Last Sunday, Tampa Bay Buccaneers quarterback Jameis Winston passed for four touchdowns, sending the Rams to a 55-40 defeat. Four days later, Seattle Seahawks quarterback Russell Wilson also passed for four touchdowns as the Rams lost their NFC West opener 30-29.
Wilson made several masterful throws — including one to Tyler Lockett in the back corner of the end zone — but both losses also featured long scoring passes to wide-open receivers that contributed to 85 points scored against the defense in the last two games.
“Our confidence isn’t shaken at all after these last two weeks,” safety Eric Weddle said after the game.
Rams coach Sean McVay gave players Friday, Saturday and Sunday off to rest and regroup before reassembling Monday to begin preparations for next Sunday’s game against the San Francisco 49ers at the Coliseum.
The 49ers, who had an open date last week, are 3-0 going into Monday night’s game against the Cleveland Browns.
Third-year 49ers coach Kyle Shanahan finally appears to have the pieces in place for an offense that is averaging 421 yards and 32 points a game.
“Kyle does an excellent job of finding ways to really apply pressure to defenses with the way that he can mix it up in the run-pass balance,” said McVay, who worked with Shanahan on the Washington Redskins staff.
Quarterback Jimmy Garoppolo is completing 69% of his passes, five for touchdowns, with four interceptions. Running back Matt Breida is averaging 5.5 yards per carry, Raheem Mostert 5.9. Tight end George Kittle has a team-best 17 catches.
The Rams will be without one of their most productive defensive players against the 49ers and several games to follow.
After suffering a broken jaw against the Seahawks, linebacker Clay Matthews could be sidelined for at least a month, McVay said Friday. Matthews has a team-leading six sacks.
Matthews’ absence could put more pressure on a secondary that has recently experienced breakdowns that resulted in long touchdowns.
Among Winston’s scoring passes was a 67-yard strike to receiver Mike Evans. Wilson launched a 40-yard touchdown pass to receiver DK Metcalf.
Both receivers got behind Rams cornerback Marcus Peters on the scoring plays.
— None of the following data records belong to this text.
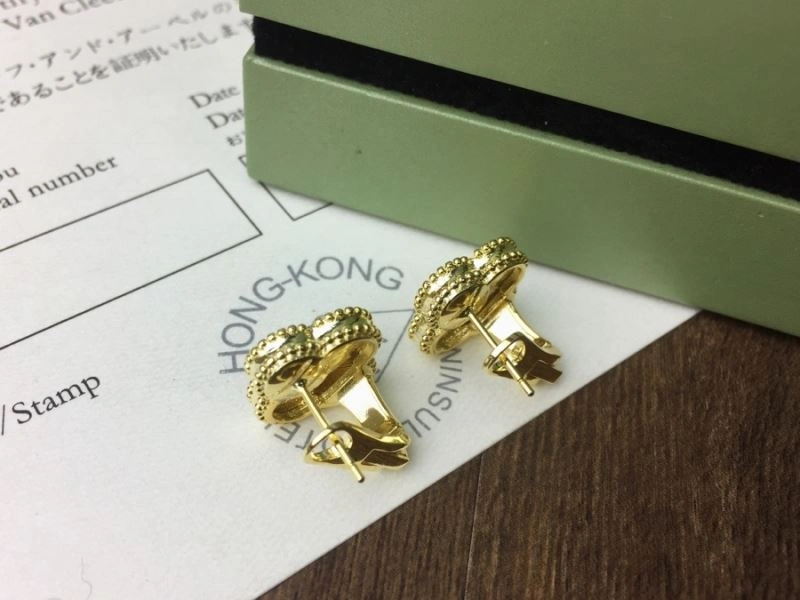Vca Earrings ZeroBulk 255481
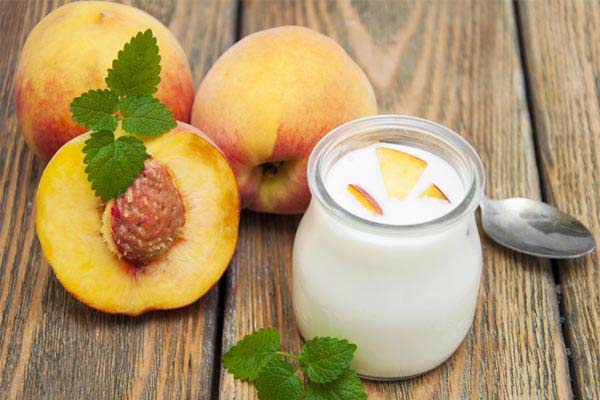 تهیه ماست میوه ساده و خوشمزه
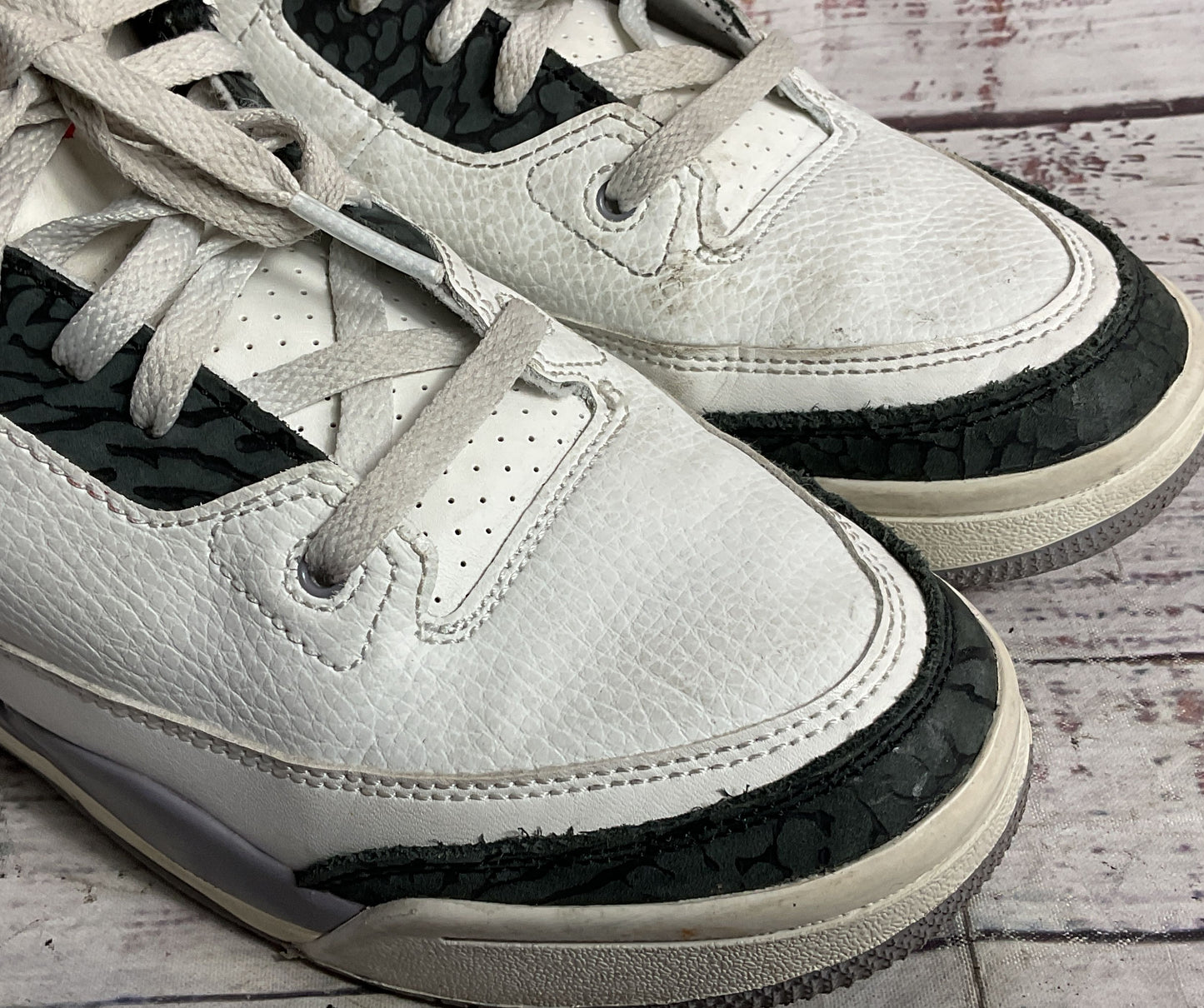 Nike Air Jordan 3 Retro Unisex Kids Sneakers Cement Grey 2Y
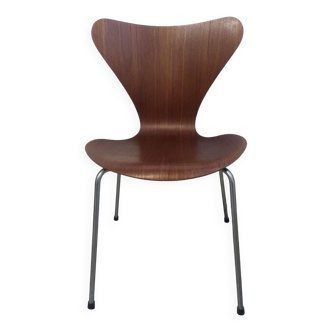 Fritzhansen chair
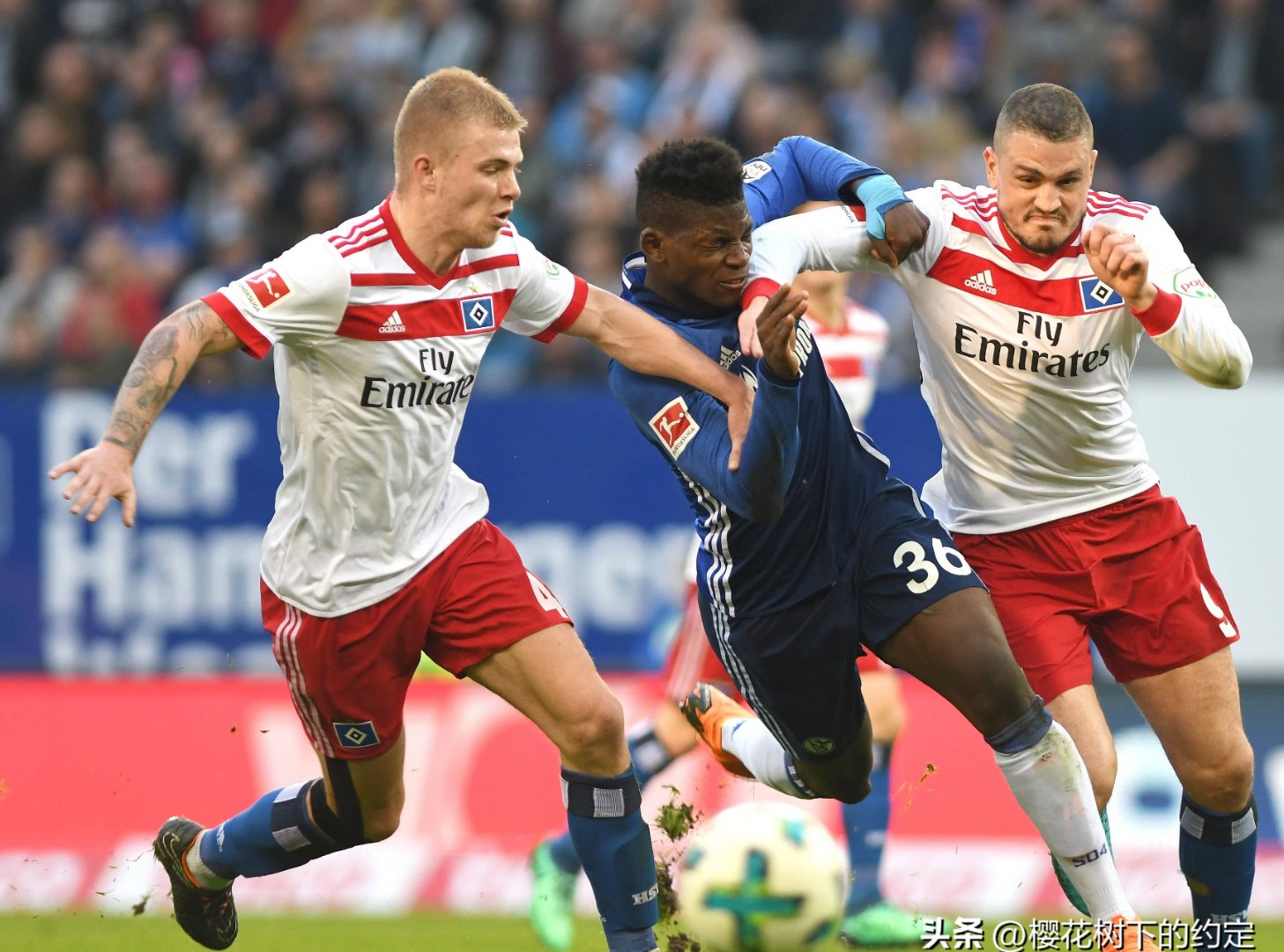 德甲倒计时,金州勇士今夜远射贴柱,细节引发关注,压力陡增,赛季目标并未改变 德甲倒计时,金州勇士今夜远射贴柱,细节引发关注,压力陡增,赛季目标并未改变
Peters, who returned an interception for a touchdown against the Buccaneers, was evaluated for a concussion and was not made available to reporters after that game. The NFL this week fined Buccaneers lineman Donovan Smith $28,075 for unnecessary roughness for his hit on Peters as he crossed the goal line, a person with knowledge of the situation said.
Peters declined to be interviewed after the loss to the Seahawks.
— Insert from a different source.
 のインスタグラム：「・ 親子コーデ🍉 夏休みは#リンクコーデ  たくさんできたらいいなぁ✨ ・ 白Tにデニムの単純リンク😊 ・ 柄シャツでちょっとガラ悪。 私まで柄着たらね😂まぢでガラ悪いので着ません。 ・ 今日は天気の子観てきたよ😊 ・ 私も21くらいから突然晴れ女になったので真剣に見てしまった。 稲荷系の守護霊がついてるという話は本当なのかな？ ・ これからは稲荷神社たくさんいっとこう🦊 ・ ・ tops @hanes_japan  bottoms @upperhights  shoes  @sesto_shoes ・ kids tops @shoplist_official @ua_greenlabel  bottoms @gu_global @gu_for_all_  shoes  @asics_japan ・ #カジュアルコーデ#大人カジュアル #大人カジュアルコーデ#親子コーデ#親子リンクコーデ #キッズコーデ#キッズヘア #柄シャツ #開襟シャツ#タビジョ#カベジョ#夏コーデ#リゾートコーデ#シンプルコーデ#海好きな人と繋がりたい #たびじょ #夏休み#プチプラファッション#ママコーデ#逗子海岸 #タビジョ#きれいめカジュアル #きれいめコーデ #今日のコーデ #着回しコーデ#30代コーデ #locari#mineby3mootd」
Last week, defensive coordinator Wade Phillips placed the blame on himself for the coverage call on Winston’s touchdown pass to Evans. On Thursday, Weddle indicated that he, not Peters, was to blame for Metcalf’s touchdown, and McVay said Friday that Peters was not at fault.
“In a lot of instances, when you look at the defensive backfield — very similar sometimes to the offensive line play — once there’s really a clear-cut understanding of exactly what the intent of what we’re trying to get done or how a certain things play out and what’s supposed to occur, I think it can get a little bit misleading,” McVay said.
The Rams used a third-round pick to select running back Darrell Henderson in last April’s draft, ostensibly to give McVay a different kind of weapon to complement Todd Gurley and Malcolm Brown.
In the opener against the Carolina Panthers, Henderson played two snaps on offense, carrying the ball once for no gain.
He has not played on offense since.
Henderson was in for nine special teams plays against the Buccaneers and one against the Seahawks.
“That’s one of those things that we’re going to look at and are evaluating,” McVay said when asked about Henderson’s lack of playing time on offense. “It’s our job and it’s my job to make sure we find a way to continue to develop him and give him an opportunity, because I think he is a guy who can help us whether it’s immediately or whether it’s later on in the season.
“He’s done a nice job, it’s really just kind of that ultimate deal of figuring out, ‘All right, how do you get him with the amount of guys involved that you feel like are deserving touches?’ That’s a positive problem for us, but that’s something that I think you could expect us to see trying to find creative ways to maybe get him going a little bit.”